Meade’s most advanced—and therefore most vulnerable—units were
the three infantry corps around Emmitsburg: John Reynolds’
1st Corps, Otis Howard’s
11th Corps, and the
3rd Corps, whose commander, Dan Sickles, had only just caught up with his men after returning from leave. Meade had no love for either Sickles, the renegade Democrat, or Howard, the evangelical
abolitionist. His first two communications to Sickles had been nasty little reprimands for “the very slow movement of your corps yesterday,” and he pushed the lot of them to the edge of his thinking by placing all three corps under the temporary “wing” command of John Reynolds. But when Meade learned that Reynolds had in fact moved the 1st Corps up and over the Pennsylvania line to
Marsh Creek, just below Gettysburg, Meade warned him (at midday on June 30th) to beat a retreat to Emmitsburg “without further orders” if any Confederates showed their heads. He had “made up his mind to fight a battle on what was known as Pipe Creek,” and in the meantime he would draw up a general circular, recalling all units north of Pipe Creek to “form line of battle with the left resting in the neighborhood of Middleburg, and the right at Manchester.”
8

This withdrawal, despite Meade’s wishes, was precisely what John Reynolds had no inclination whatsoever to perform.

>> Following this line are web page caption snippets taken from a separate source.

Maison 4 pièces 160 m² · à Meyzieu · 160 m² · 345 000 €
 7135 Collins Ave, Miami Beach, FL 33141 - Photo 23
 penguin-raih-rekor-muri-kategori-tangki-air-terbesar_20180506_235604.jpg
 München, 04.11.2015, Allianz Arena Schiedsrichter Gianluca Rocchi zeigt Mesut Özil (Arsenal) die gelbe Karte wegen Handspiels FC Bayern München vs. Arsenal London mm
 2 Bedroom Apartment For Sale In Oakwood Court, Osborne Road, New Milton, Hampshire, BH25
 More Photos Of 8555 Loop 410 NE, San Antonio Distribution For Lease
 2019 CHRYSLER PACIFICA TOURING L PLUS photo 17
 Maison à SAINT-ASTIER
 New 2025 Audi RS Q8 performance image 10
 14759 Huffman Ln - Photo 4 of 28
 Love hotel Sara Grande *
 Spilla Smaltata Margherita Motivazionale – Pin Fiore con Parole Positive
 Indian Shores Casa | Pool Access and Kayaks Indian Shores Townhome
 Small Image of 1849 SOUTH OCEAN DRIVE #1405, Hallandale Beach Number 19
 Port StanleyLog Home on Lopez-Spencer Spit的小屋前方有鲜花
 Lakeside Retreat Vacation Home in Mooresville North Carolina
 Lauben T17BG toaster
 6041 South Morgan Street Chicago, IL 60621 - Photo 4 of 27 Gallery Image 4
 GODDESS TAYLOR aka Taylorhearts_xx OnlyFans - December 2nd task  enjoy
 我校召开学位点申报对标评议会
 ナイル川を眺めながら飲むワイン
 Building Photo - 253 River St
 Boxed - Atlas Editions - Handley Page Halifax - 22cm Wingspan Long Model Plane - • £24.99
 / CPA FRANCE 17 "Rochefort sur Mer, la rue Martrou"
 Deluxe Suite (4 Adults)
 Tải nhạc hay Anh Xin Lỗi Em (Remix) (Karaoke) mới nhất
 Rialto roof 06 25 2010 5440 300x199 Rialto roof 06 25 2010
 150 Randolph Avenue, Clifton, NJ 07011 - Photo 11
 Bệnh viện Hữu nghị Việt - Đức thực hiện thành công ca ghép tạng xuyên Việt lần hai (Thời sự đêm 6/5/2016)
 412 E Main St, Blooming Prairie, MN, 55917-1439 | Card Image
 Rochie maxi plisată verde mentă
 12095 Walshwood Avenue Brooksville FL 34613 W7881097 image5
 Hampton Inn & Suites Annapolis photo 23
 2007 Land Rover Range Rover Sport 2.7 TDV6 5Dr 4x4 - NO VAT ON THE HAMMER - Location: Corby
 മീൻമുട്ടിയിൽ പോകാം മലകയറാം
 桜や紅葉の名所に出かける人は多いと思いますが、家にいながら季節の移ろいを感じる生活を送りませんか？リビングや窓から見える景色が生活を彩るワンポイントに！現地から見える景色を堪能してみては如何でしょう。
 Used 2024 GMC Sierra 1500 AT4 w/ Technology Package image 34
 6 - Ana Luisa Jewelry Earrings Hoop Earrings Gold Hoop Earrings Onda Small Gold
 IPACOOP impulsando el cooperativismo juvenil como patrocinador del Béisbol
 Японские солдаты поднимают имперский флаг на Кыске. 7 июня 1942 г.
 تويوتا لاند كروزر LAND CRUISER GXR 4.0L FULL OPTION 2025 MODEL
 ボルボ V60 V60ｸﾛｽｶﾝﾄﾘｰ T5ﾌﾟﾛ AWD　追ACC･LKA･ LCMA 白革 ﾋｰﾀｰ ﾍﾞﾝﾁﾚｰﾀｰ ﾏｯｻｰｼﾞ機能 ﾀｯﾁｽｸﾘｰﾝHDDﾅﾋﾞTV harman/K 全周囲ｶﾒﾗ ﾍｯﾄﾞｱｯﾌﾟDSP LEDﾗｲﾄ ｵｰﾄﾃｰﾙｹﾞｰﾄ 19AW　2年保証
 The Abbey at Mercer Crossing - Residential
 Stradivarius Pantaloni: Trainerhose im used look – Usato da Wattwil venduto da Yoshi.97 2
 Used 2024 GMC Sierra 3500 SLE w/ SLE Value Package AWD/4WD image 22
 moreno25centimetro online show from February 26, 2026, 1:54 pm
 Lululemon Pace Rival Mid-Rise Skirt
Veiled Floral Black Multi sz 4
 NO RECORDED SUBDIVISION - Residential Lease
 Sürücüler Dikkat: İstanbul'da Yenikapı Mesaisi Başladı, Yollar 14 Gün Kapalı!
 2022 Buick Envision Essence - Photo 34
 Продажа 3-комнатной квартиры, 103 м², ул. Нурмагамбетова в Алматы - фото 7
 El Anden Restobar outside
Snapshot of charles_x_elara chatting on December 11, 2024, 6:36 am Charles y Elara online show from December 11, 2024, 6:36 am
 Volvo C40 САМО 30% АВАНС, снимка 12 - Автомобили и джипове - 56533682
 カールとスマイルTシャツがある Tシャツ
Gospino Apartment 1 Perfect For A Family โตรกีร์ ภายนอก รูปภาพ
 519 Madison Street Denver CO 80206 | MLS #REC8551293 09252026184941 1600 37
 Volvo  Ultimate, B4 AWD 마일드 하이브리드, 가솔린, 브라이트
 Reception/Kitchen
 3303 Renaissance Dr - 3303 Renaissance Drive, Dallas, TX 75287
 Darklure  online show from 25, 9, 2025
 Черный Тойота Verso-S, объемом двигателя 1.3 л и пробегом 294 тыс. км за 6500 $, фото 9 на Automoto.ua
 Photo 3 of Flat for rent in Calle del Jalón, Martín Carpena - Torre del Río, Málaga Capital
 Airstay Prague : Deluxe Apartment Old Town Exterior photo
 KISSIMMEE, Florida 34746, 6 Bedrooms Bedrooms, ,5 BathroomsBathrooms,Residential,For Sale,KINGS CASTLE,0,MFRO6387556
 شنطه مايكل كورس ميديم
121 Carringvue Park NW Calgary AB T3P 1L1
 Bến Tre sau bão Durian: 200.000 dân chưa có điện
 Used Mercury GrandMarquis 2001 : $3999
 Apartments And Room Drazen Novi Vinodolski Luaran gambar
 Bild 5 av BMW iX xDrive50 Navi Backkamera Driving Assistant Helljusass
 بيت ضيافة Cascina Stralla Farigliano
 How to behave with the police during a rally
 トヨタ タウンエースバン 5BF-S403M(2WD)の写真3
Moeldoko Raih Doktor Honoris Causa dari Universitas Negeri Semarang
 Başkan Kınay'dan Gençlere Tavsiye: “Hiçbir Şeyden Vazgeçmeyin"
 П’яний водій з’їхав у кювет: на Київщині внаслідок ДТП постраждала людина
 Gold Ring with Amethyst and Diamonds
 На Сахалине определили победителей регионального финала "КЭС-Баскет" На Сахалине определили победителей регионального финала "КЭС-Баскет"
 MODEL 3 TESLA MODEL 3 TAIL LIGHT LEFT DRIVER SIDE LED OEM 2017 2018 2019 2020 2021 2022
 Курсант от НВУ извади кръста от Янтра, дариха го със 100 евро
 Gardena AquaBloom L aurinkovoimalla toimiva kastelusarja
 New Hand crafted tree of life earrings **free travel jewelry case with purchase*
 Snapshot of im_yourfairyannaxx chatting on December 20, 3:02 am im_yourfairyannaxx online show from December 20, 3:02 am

“To those who knew little of”
John Fulton Reynolds, “he may at times have appeared stern and unnecessarily exacting,” even “cold and somewhat haughty,” wrote one of his regimental officers in the 1st Corps. In an army of volunteers, almost any Regular officer might have been seen that way, although John Reynolds really was by temperament a taciturn and private man. On the 30th of June 1863, Reynolds’ moods were fluctuating by the hour, by turns “inflamed” and “depressed.” South-central Pennsylvania was, after all, his home. Born in Lancaster in 1820 and descended from Huguenot and Protestant Irish forebears who had accumulated some of the largest landholdings in Lancaster County, John Reynolds grew up in a household where national politics was the stuff of everyday acquaintance. His father owned the Democratic
Lancaster Journal
, sat in the Pennsylvania legislature as a Democrat, and was a political ally of President
James Buchanan’s. The Reynolds’ family political connections made it easy to secure an appointment for the young Reynolds at West Point in 1837, although he only managed to graduate twenty-sixth out of a class of fifty-two. He was commissioned into the 3rd Artillery, fought at Monterrey and Buena Vista in the
Mexican War, and in 1859 went back briefly to West Point as commandant of cadets. At the outbreak of the Civil War, the Reynolds name translated into a brigadier general’s commission to command one of the volunteer brigades making up the
Pennsylvania Reserve Division, and in 1862, when Robert E. Lee’s first
thrust northward threatened Pennsylvania, Governor Curtin begged to have Reynolds returned to Pennsylvania to take charge of the militia. After the
Maryland Campaign, Reynolds came back to the
Army of the Potomac as a major general of volunteers to command the 1st Corps at Fredericksburg and Chancellorsville. In the eyes of the soldiers of the 1st Corps, he was “alertness personified.”